Savage Joplin tornado exposed lead contamination
The twister tore apart structures that contained lead and disrupted soil on property built atop of old lead mines.
Thu, Oct 27, 2011 at 05:03 PM
LEAD: Much of Joplin is built on old mine sites. Lead testing has for years been required prior to building projects, but the cost in the wake of the tornado exceeds the means of most residents (Photo: ZUMA Press)
KANSAS CITY, Mo. - The city of Joplin is asking the federal government to help clean up lead contamination on about 1,500 properties damaged in the savage May 22 tornado.
The twister tore apart structures that contained lead and disrupted soil on property built atop of old lead mines, Joplin city officials said in a letter to the Environmental Protection Agency.
Cleanup will cost an estimated $5,000 per property or roughly $7.5 million, said Mayor Mike Woolston and City Manager Mark Rohr in a letter early this month to EPA Regional Administrator Karl Brooks in Kansas City.

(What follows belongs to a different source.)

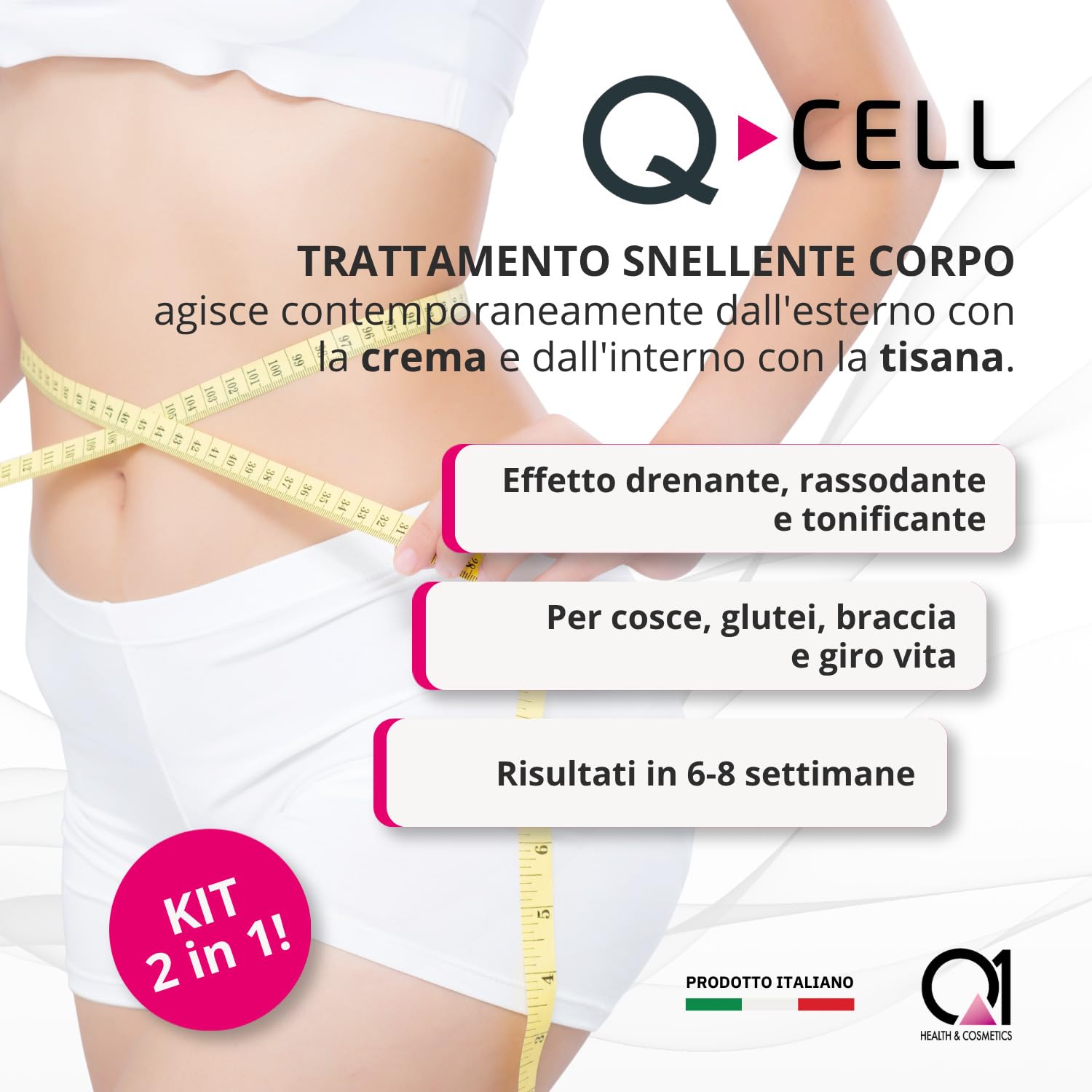 Q1, Q-Cell, Kit Anticellulite Crema Snellente 200 ml + Tisana Drenante 500 ml, Trattamento Snellente Corpo Completo per Cosce, Glutei, Braccia e Pancia, Azione Rassodante, Drenante e Tonificante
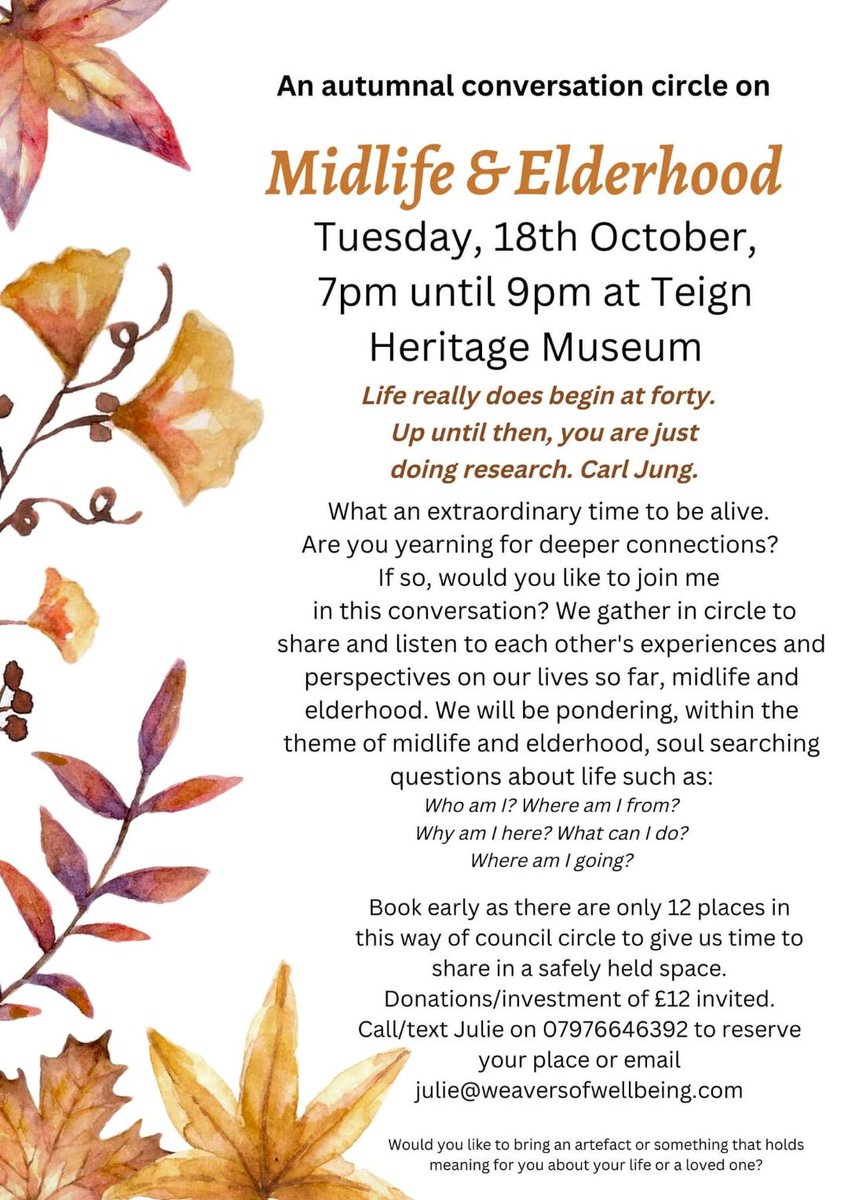 An autumnal conversation circle on Midlife &amp; Elderhood Tuesday, 18th October, 7pm until 9pm at Teign Heritage Museum
#historyofart #musuem #museumart #europeanart #museumvisit #museums #arthistory #artmuseum #museumlover #museumlife #HereforCulture #Teignmouth #Teignheritage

EPA spokesman David Bryan said Thursday that the agency is preparing a response and will work with the city to identify lead-contaminated sites and develop a cleanup plan.
"The agreement will include some type of funding mechanism," Bryan said.
The EF-5 tornado destroyed some 9,000 homes and other buildings in Joplin and took 162 lives. Some of the destroyed structures had basements, crawl spaces or slabs made of materials that included lead chat, used before its health risks were known, city officials said.
Much of Joplin is built on old mine sites. The EPA waged a cleanup effort in the early 1990s because of soils contaminated by lead and cadmium. Lead testing has for years been required prior to building projects, but the cost in the wake of the tornado exceeds the means of most residents, the city officials said.
"High lead levels in the disrupted soil potentially represent a significant liability issue for Joplin and a safety hazard for our community as well as a possible impediment to our rebuilding efforts...." Woolston and Rohr wrote.
The Jasper County Health Department recently tested a sampling of 43 properties for lead and cadmium in the affected area and found that 19 of them were in need of some level of remediation, documents show.